Suele pensarse que la Navidad es motivo de celebración para todos, que es un tiempo en el que los amigos y las familias se reúnen para compartir el pan y los afectos, también para olvidar los problemas y angustias cotidianos. Los niños, por su lado, atendiendo a la tradición, formulan sus cartas de deseos y regalos; los padres, por el otro, buscan la manera de satisfacerlos. Para los creyentes, el nacimiento de Jesús da vida a celebraciones religiosas recreadas en la historia de una familia pobre y excluida que espera en condiciones precarias la llegada del hijo de Dios.

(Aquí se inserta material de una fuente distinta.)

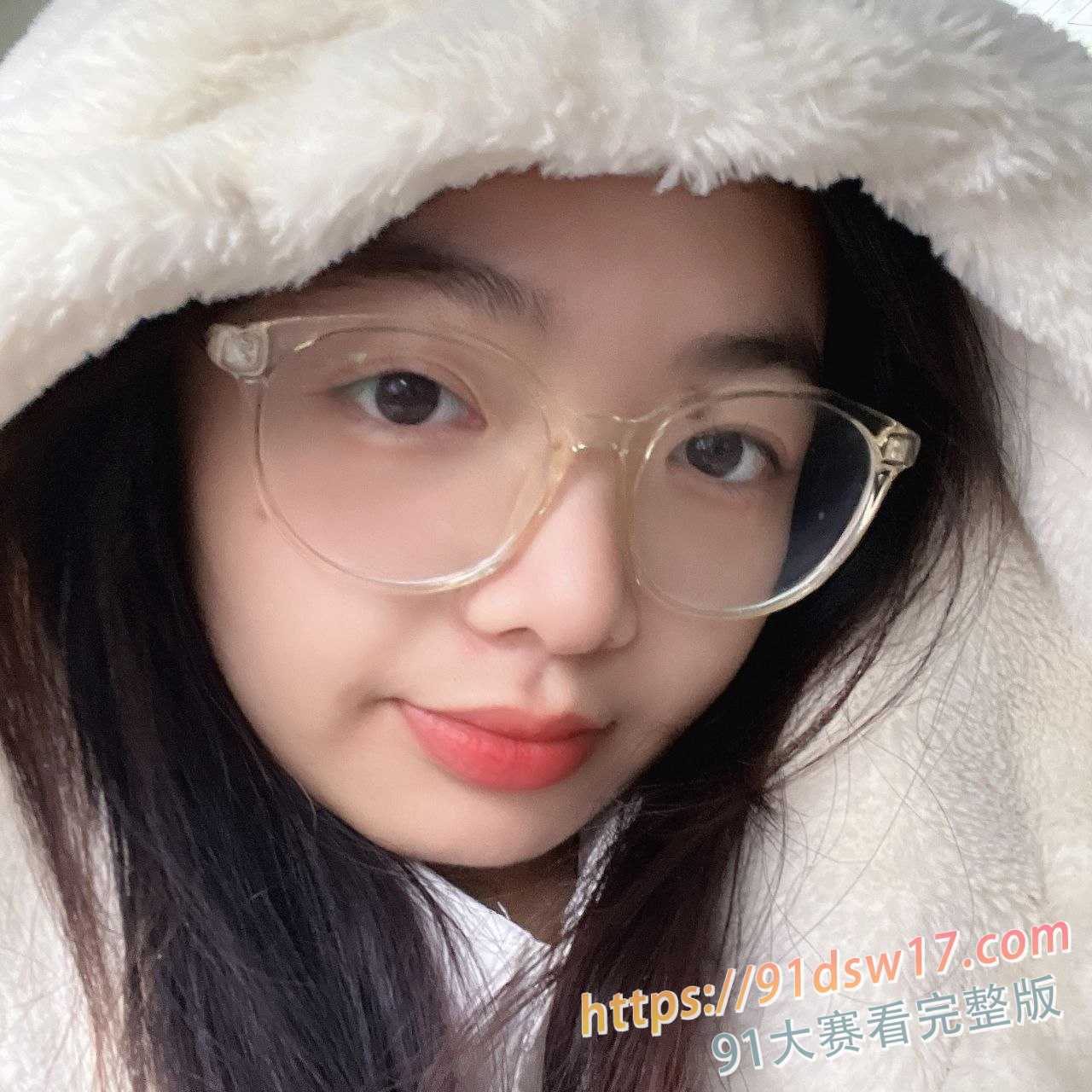 广西02年眼镜妹 梁桦 裸贷自拍视频曝光 清纯反差骚婊独自录制扣穴视频 图4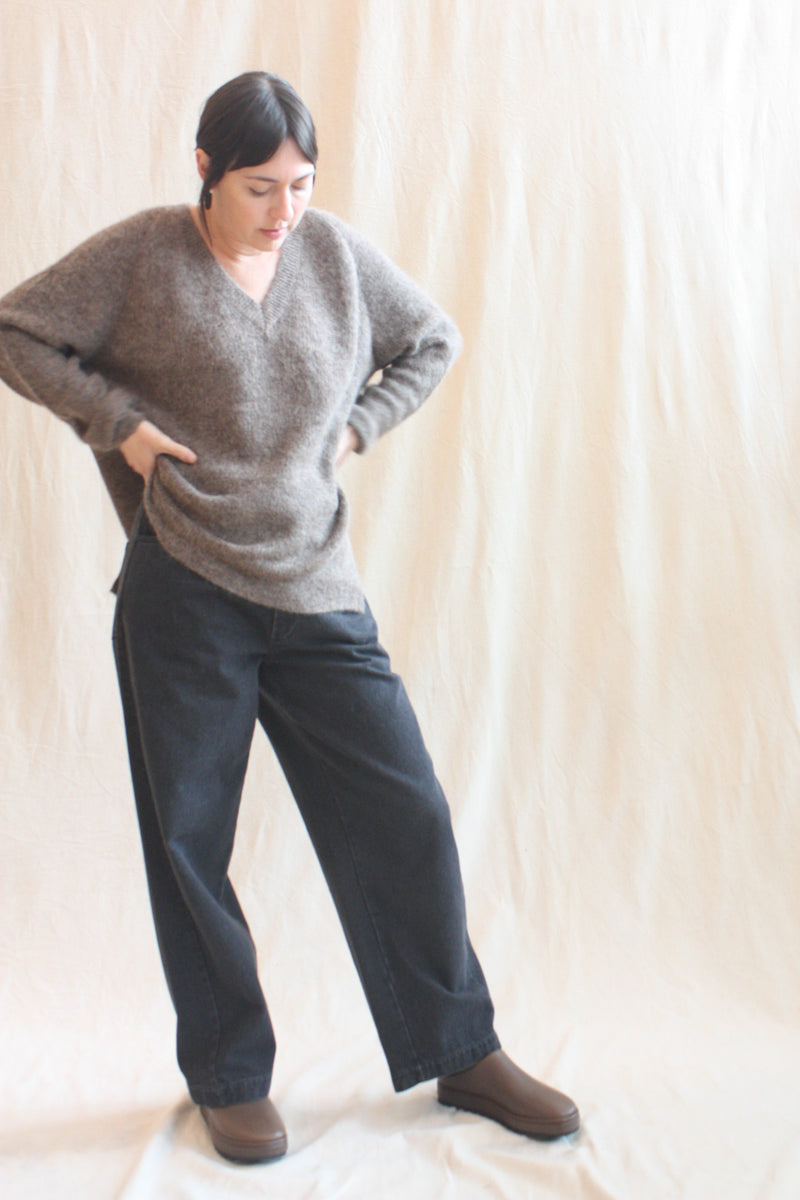 Suri V-Neck Sweater Taupe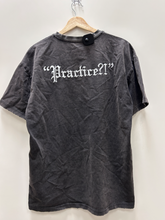 Load image into Gallery viewer, T-shirt Size Medium
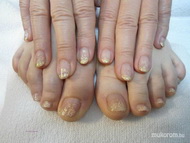 Best Nails - Gél lakk arannyal szórva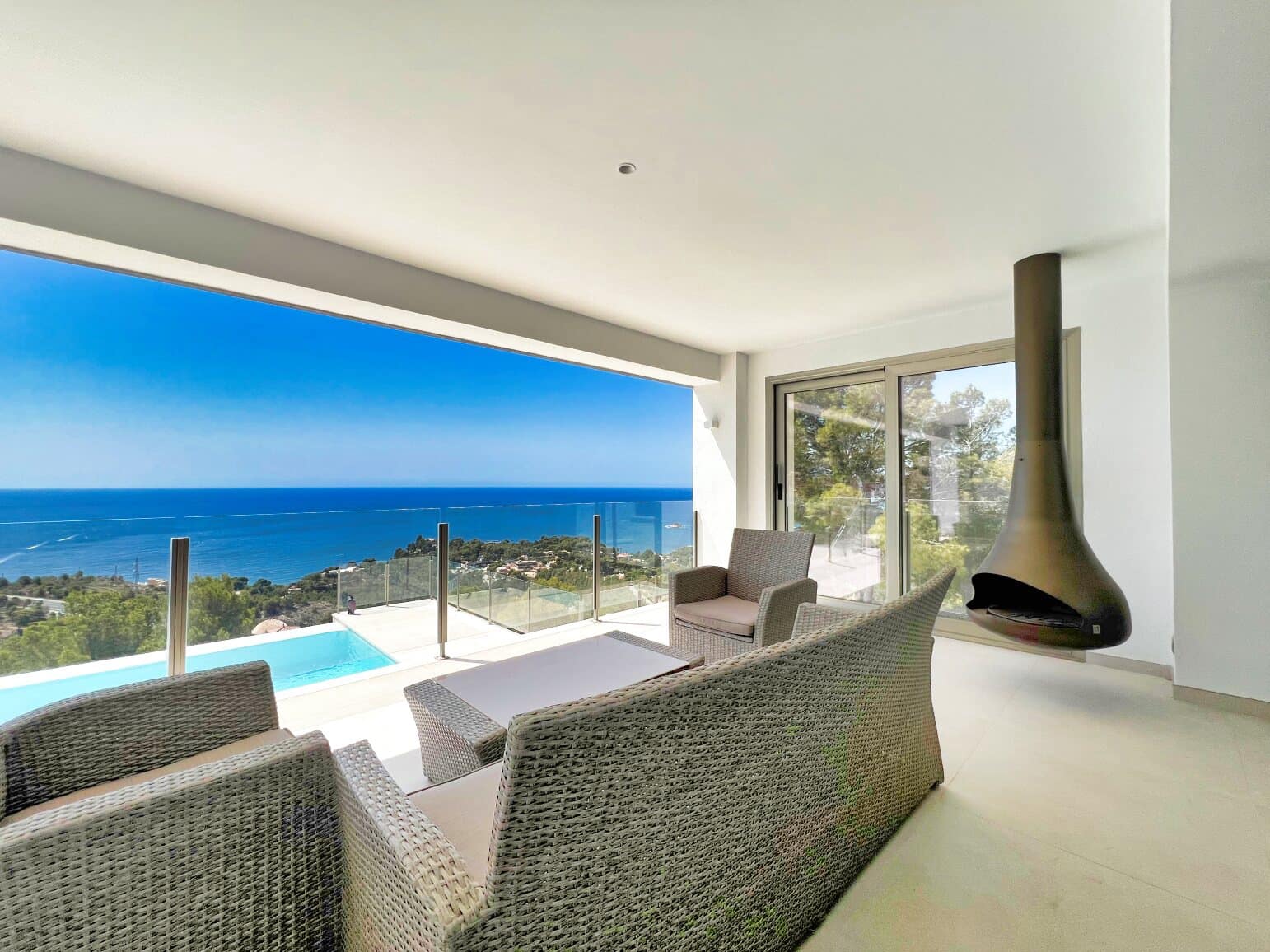 3 bedroom Villa for sale in Altea with pool garage - € 1,488,000 (Ref: 8708898)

También hay aspectos negativos:
La Navidad se aprovecha en numerosos centros de trabajo para despedir empleados y evitar el pago de vacaciones y aguinaldos, también para terminar contratos temporales y tomar ventaja del ambiente de consumo; así, las historias se repiten. Algunas empresas lo tienen muy bien explorado, es el caso de Sandak, perteneciente a la trasnacional Bata, de capital checoslovaco-canadiense, que decidió despedir masivamente a sus trabajadores al cerrar abrupta e ilegalmente su planta en Calpulalpan, Tlaxcala, para elaborar el producto en las maquiladoras, también controladas por ellos, y obligarlos a laborar abaratando la mano de obra y precarizando al extremo sus condiciones de trabajo y vida. Esta empresa, productora de zapatos con olor a chicle para atraer la preferencia de los niños, confía en que las necesidades navideñas hagan su labor y obliguen a los trabajadores a recibir ilegales finiquitos y renunciar a su defensa colectiva.